La classifica delle regioni in termini di efficienza (si veda la tabella a lato) riserva qualche sorpresa. Non tanto nel gruppo di testa dove ci sono la Lombardia che ha erogato il 42,4% delle risorse programmate, Emilia Romagna (37,9%), Puglia (34.4%) e Sicilia (33,8%). Quanto nel gruppo di coda dove con la Sardegna (11,5%) ci sono Campania (16,8%), Veneto (17,2%) e Friuli Venezia Giulia (18,1%). La tabella include tutti i rivoli di finanziamento (compresi patti per il Sud, stralci operativi dell’Ambiente e stralcio aree metropolitane del 2015).

Per quanto riguarda invece la capacità di erogare le risorse effettivamente disponibili nelle casse dei governatori vince il presidente ligure Giovanni Toti con l’88,7%. Segue la Sicilia con l’84,8%. Va male anche qui il Veneto di Luca Zaia (37,1%), in fondo insieme alle Marche (36,5%).

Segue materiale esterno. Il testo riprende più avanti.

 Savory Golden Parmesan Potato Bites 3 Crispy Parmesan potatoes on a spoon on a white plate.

Sono gli stessi commissari, nelle loro relazioni semestrali, a evidenziare le criticità che si trovano a fronteggiare: «durata eccessiva delle procedure per l’ottenimento dei poteri, soprattutto in campo ambientale», «pluralità di sistemi di monitoraggio e rendicontazione in funzione della tipologia di fonti di finanziamento», «durata eccessiva di gare e contenzioso», «ricorsi soprattutto in campo ambientale sui territori», «problemi con i comuni cui è stata delegata l’attuazione», «possibilità da parte dei commissari di poter usare risorse assegnate ma non ancora trasferite».

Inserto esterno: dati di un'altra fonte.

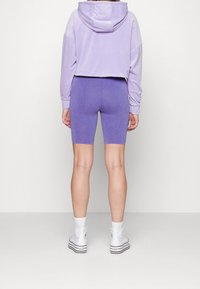 Cropped hoodie viola con cappuccio, abbinata a pantaloni da ciclista viola coordinati. Il modello indossa sneaker bianche alte, mostrando texture morbide.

La relazione controdeduce però rispetto a queste osservazioni evidenziando che i commissari dovrebbero «esercitare i loro poteri autorizzativi e sostitutivi per comprimere i tempi delle procedure anche in campo ambientale», che «alla maggiore centralizzazione delle attività corrispondono migliori risultati in termine di attuazione», che è possibile convocare la conferenza di servizi (che in questa fase di emergenza Covid può essere convocata anche per via telematica) ponendo il termine di trenta giorni per la decisione, che il decreto semplificazioni ha introdotto poteri più ampi anche in deroga al codice appalti.

Il ministero più in generale lamenta la mancanza di una organica legislazione in materia che consenta di superare la frammentazione delle procedure soprattutto in materia di programmazione e accreditamento delle risorse, diverse per i vari tipi di strumento finanziario (ci sono anche le risorse del Fondo sviluppo coesione). Una iniziativa legislativa di questo tipo - denominata «CantierAmbiente» - si sta mettendo a punto. Fra le altre criticità anche quella finanziaria, relativa al fatto che ci sono 2.940 milioni di euro appostati su annualità comprese fra il 2021 e il 2033. Una accelerazione delle procedure è anche prevista con la revisione del Dpcm del 2015, per cui il ministero dell’Ambiente sta aspettando il concerto con il ministero delle Infrastrutture.

Un nota a sé merita il fondo progettazione introdotto nel 2016. Finora a ha finanziato 500 interventi che danno un investimento complessivo di 2,8 miliardi. Dei 100 milioni disponibili sono stati accreditati circa un terzo, la prima tranche praticamente completa. L’erogazione però è al 10%, sotto i 10 milioni di euro.